- [Work required]:
In the data below, begin at the line with "Фотообои фотография шнауцера, сидящего" and stop after the line with "Sarang Guesthouse Dongdaemun 2"; output those lines exactly and no pictures.

- [Exercise input]:
========================================================================

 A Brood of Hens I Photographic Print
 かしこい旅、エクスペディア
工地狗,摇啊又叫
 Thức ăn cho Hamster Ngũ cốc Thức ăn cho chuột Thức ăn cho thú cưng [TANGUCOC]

========================================================================

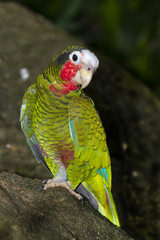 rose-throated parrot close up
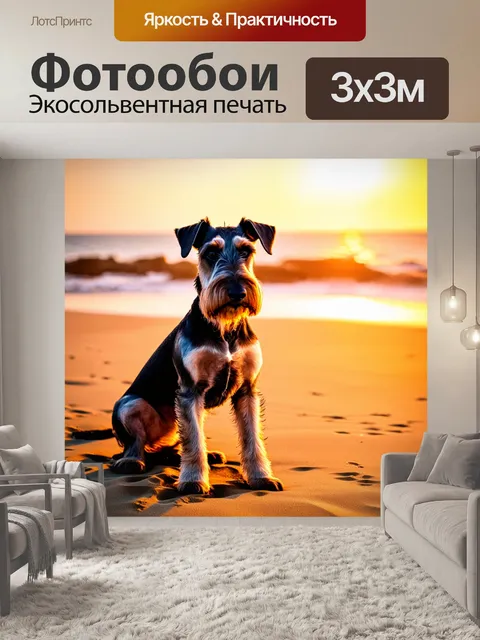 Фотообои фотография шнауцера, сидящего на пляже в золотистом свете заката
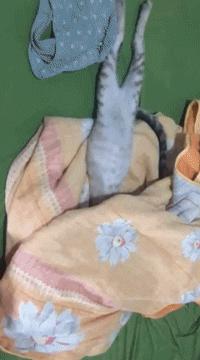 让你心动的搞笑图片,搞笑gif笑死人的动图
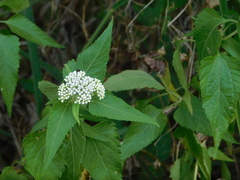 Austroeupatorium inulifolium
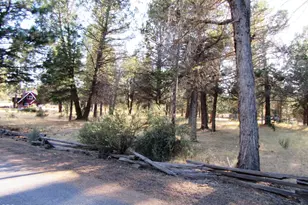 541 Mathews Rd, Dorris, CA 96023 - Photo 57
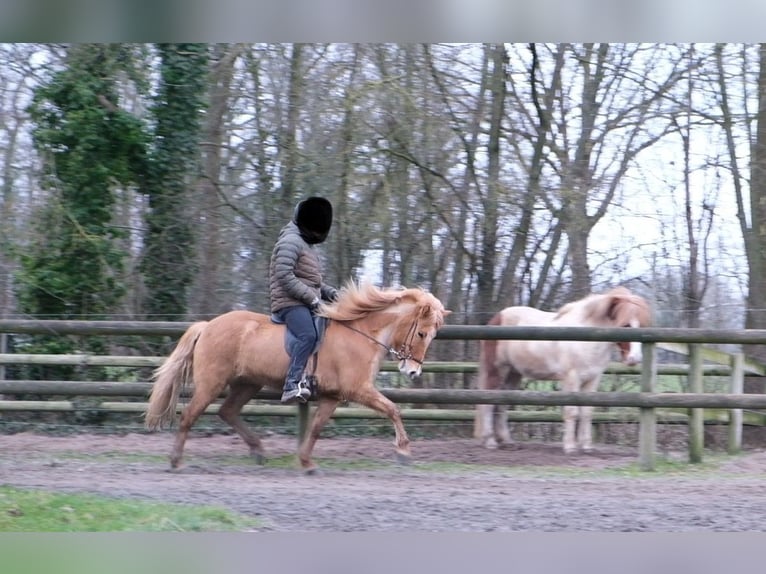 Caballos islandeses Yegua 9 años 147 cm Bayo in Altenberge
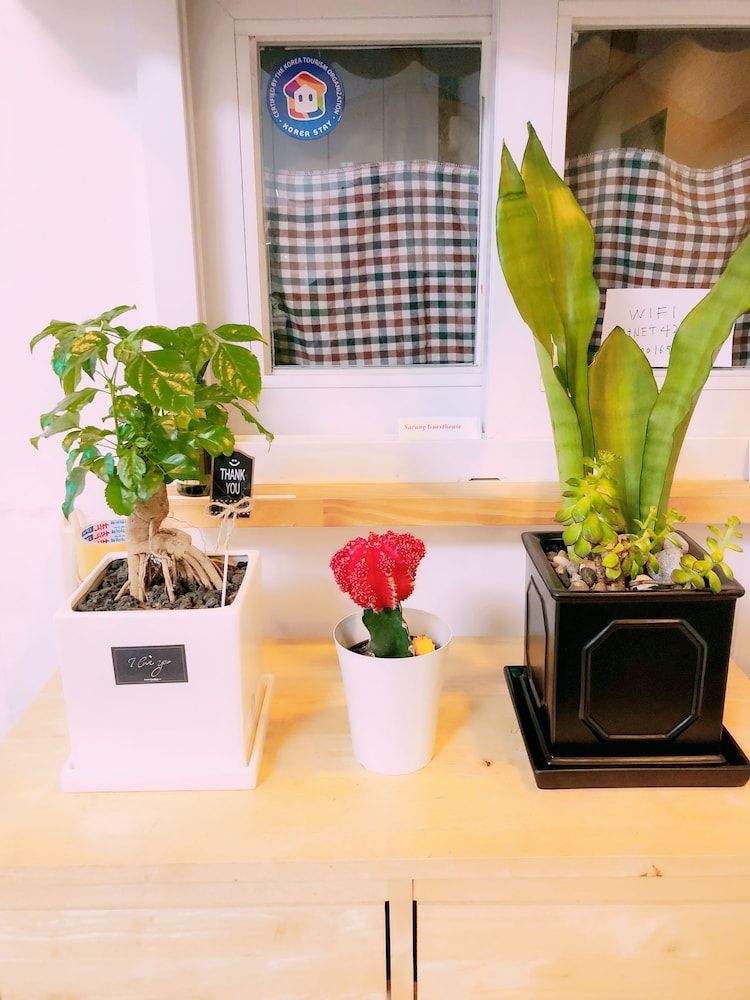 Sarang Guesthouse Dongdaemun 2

========================================================================

- [Task answer]:
 Фотообои фотография шнауцера, сидящего на пляже в золотистом свете заката
 让你心动的搞笑图片,搞笑gif笑死人的动图
 Austroeupatorium inulifolium
 541 Mathews Rd, Dorris, CA 96023 - Photo 57
 Caballos islandeses Yegua 9 años 147 cm Bayo in Altenberge
 Sarang Guesthouse Dongdaemun 2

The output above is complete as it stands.